I am not trying to come off rude, but it really is your responsibility to ask the questions when someone is providing you a service. No matter what the book says, your idea of a "service" is different than what the dealer considers as a "service". Don't blame them for not doing something you consider important that they don't. We see this all the time in the auto industry. Customers do not ask and then when they don't receive what they expected, the shop is blamed for it. We educate our customers to ask the hard questions, demand details and have a record of what was done and offered. When we do a used car pre-purchase inspection we go though this in detail and it amazes me how many people are unaware that they can actually ask questions.
Dealers in the UK, and VW dealers have a particular reputation for this, would never miss an opportunity to get the customer to spend more money with them. Everyone in service at dealerships is targeted and bonused on this.

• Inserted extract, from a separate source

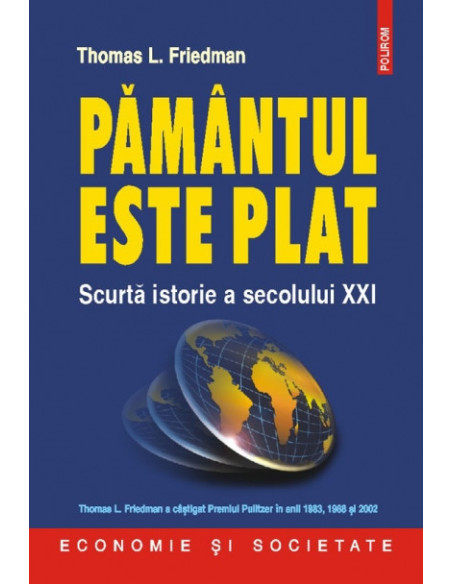 Pămîntul este plat. Scurtă istorie a secolului XXI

Few customers understand service schedules and VW don't help themselves as the schedule changes at year 4 - for the first 3 years here the cars get little more than an oil change and some checks. The schedule and work required is also different depending on whether the car is on fixed interval or variable servicing.
For instance, I've been told air conditioning service is "mandatory" at 2 years, yet try and get the dealers to do the 3rd year brake fluid change as part of the initial discounted service contract and they'll refuse and make you pay extra, saying it's not included as it's a "customer option".